Nah, if I’ve got a six month delay between the experience of this event and its recounting, I should do it right. This is a catchy chorus, and it could have been a single were it not for all the mind-clattering brilliance of the Hutchence-penned tunes sharing its album’s real estate. I checked out the original 1966 version of this song, if only for journalistic closure on my part. Goddamn. First off, this one is in 3/4 time. The vocalist has an early Van Morrison proto-punk voice. I give it a solid thumbs-up, and it makes me appreciate even more the way the band INXSorized it.
“Wild Life” might be the first album track that sounds like an album track. A very INXSified beat, with a few inflections that one recognizes as populating their big hits. While I’m tempted to use “Wild Life” as a parallel to the screaming children, I’ll instead point to the actual wildlife that was carved into pumpkins around us. The organizers clearly made a point of taming the Halloween element to keep it family-friendly and that worked. One doesn’t need to fear that they may experience a terror-induced bowel-release in order to enjoy the holiday, right?
“Never Tear Us Apart” borrows a page from Stevie Wonder’s 70s playbook by using synthesizers to simulate an orchestral arrangement. This is the most cinematic song on the album, and in this humble yutz’s opinion it contains the best sax solo. So how does it tie in to pumpkin-fest? Well, it doesn’t… except for the reality that I will never be torn apart from the delightful date I was with. Seriously – she put up with chilled temperatures and a strange fruit-themed night for me. She’s gold.

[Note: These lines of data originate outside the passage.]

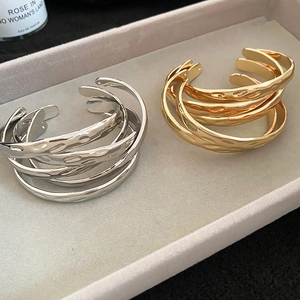Detail of layered metal bangle bracelets with textured hammered finish in gold and silver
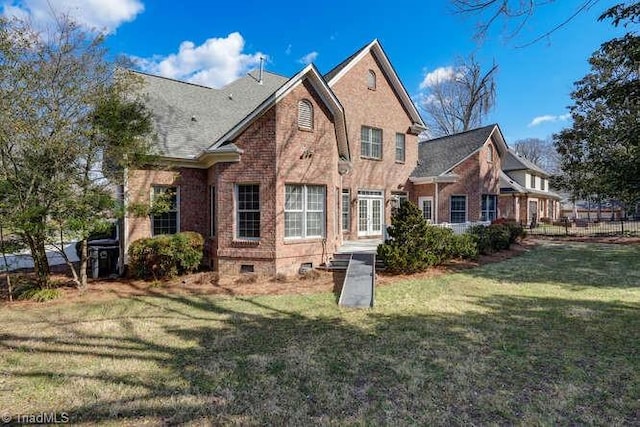 back of house with brick siding and a yard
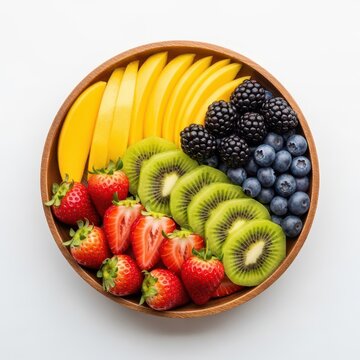 A vibrant fruit bowl featuring bananas, blackberries, blueberries, kiwis, and strawberries
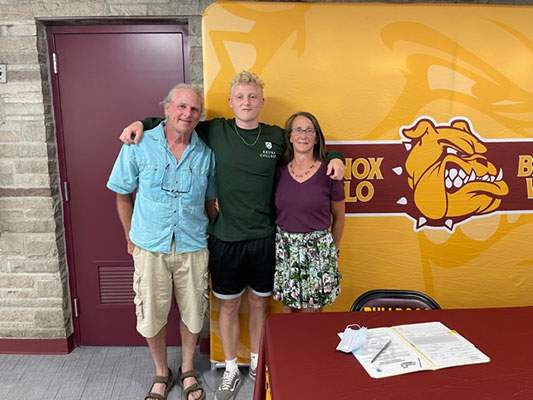 Zeke with family at signing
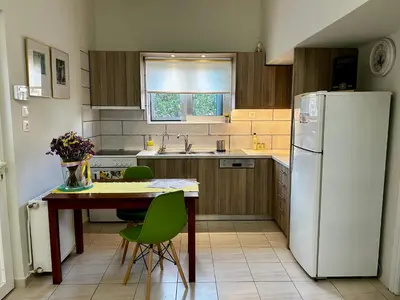 a kitchen with a table and a white refrigerator at Flower House in Koropi-near airport in Koropíon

“Mystify” is the lone single from this album to see a release in 1989. At this point they were getting cocky, just popping any random track onto a 45 and declaring it to be worthy of being a hit. Except they were right. The song kicks ass, and its DNA is just a smidgen jauntier and boppier than the rest of Kick. This song is to Kick what the Day Of The Dead display (see the bottom of the article) was to Pumpkins After Dark – a surprising snippet of beauty that somehow stands out from the rest.

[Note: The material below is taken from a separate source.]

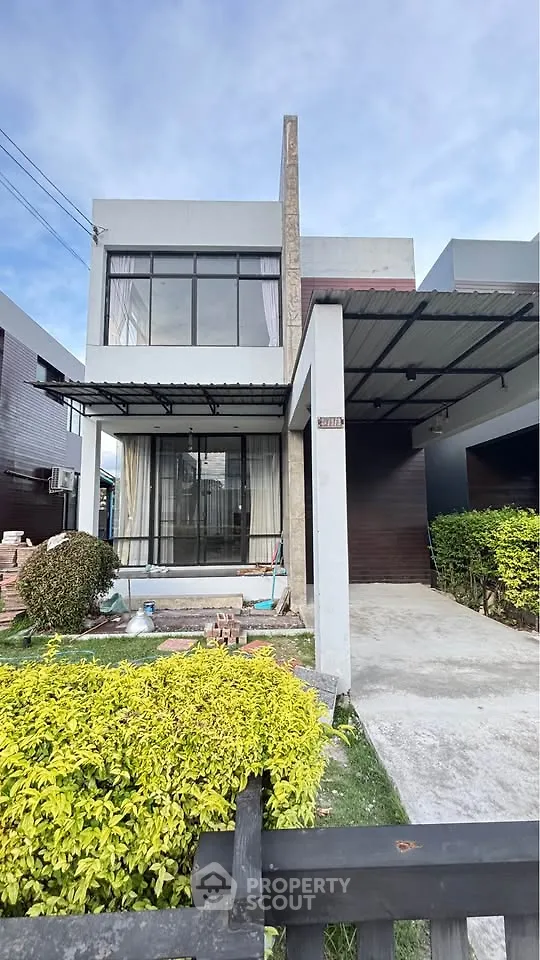 Modern two-story house with large windows and driveway, surrounded by lush greenery.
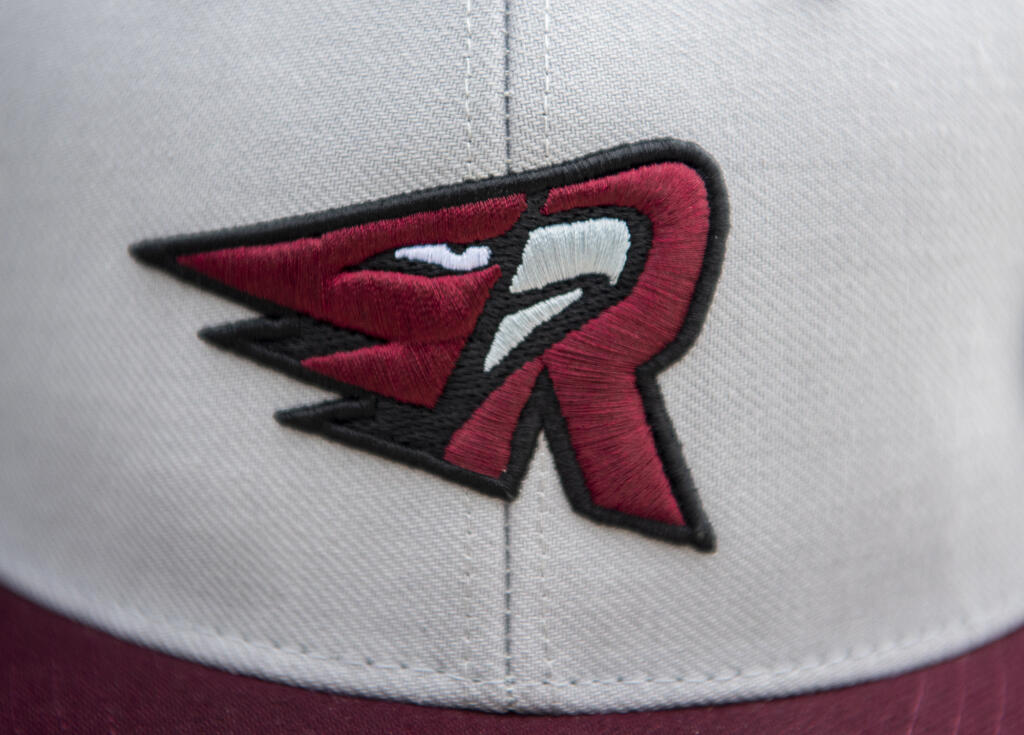 The Ridgefield Raptors logo sits on a hat Friday, June 16, 2023, during the Raptors' game against Cowlitz at the Ridgefield Outdoor Recreation Complex.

“Kick” is one clever guitar hook away from being another hit single. I like the notion that “sometimes you kick, sometimes you get kicked”, but we stopped short of actually kicking any of the pumpkins around us. I will point the reader once more to my metaphorical muse-kick though… when one’s voice runs dry there simply ain’t nothing else to do but to do. My words shall be kicked no more.

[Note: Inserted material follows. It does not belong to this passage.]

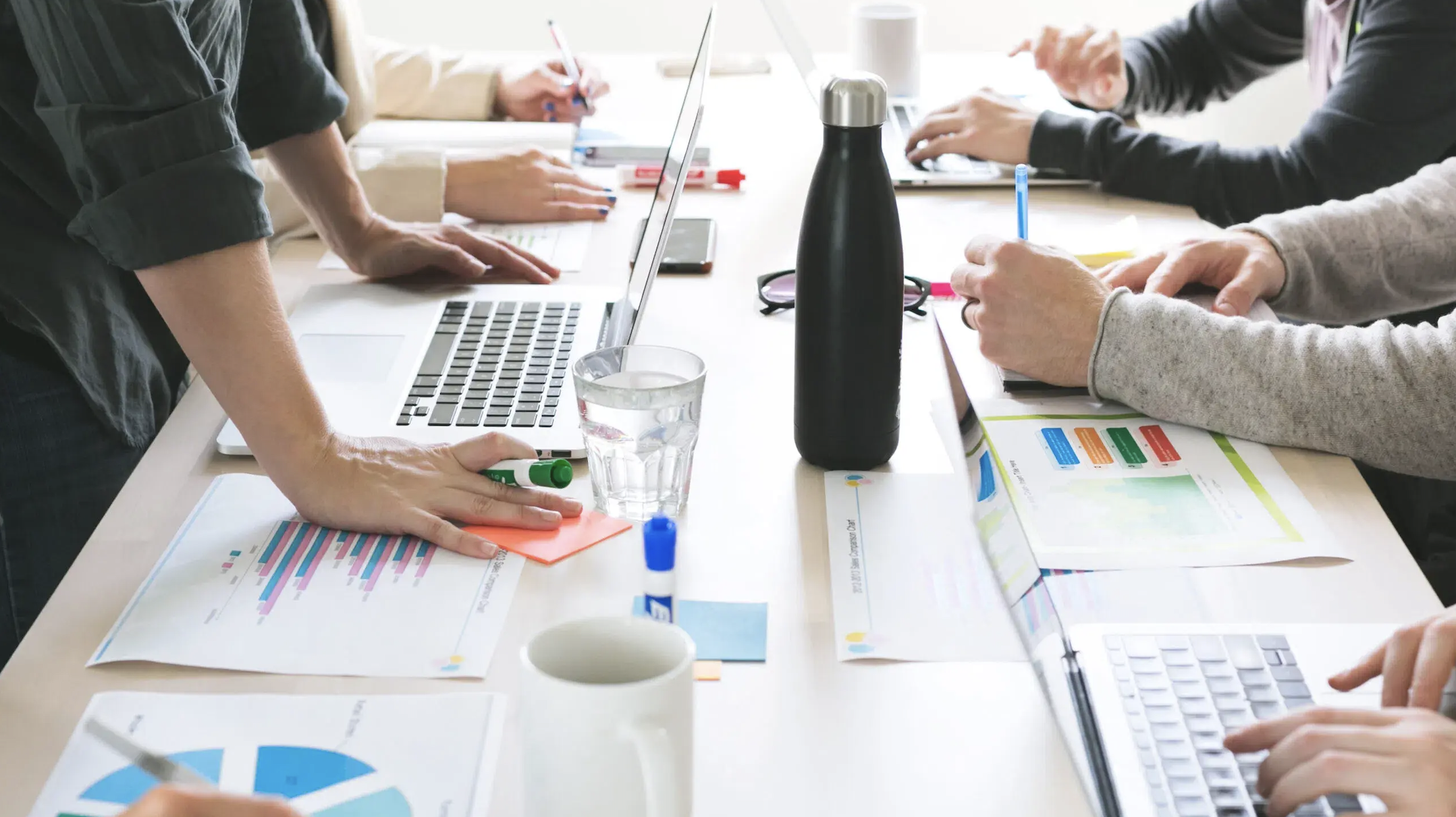 hands-on-desk-at-meeting-scaled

“Calling All Nations” does have some hooky guitar work, but the pseudo-rapping through the verses may have been better if traded for a melody of some kind. They can’t all be out-of-the-park winners, right? While we did catch a glimpse of the live-carved Medusa above, it sat among a pile of less impressive contenders. As for the closing number, “Tiny Daggers,” it’s not even close to being the catchiest song on side 2, but that’s alright. The energy is up, and really the energy on this entire album never dips below a 7/10. The same can be said for the Pumpkin show – at no time did it get dull.
Let the dates keep a-rollin’. We’ve got at least 996 more things to get to.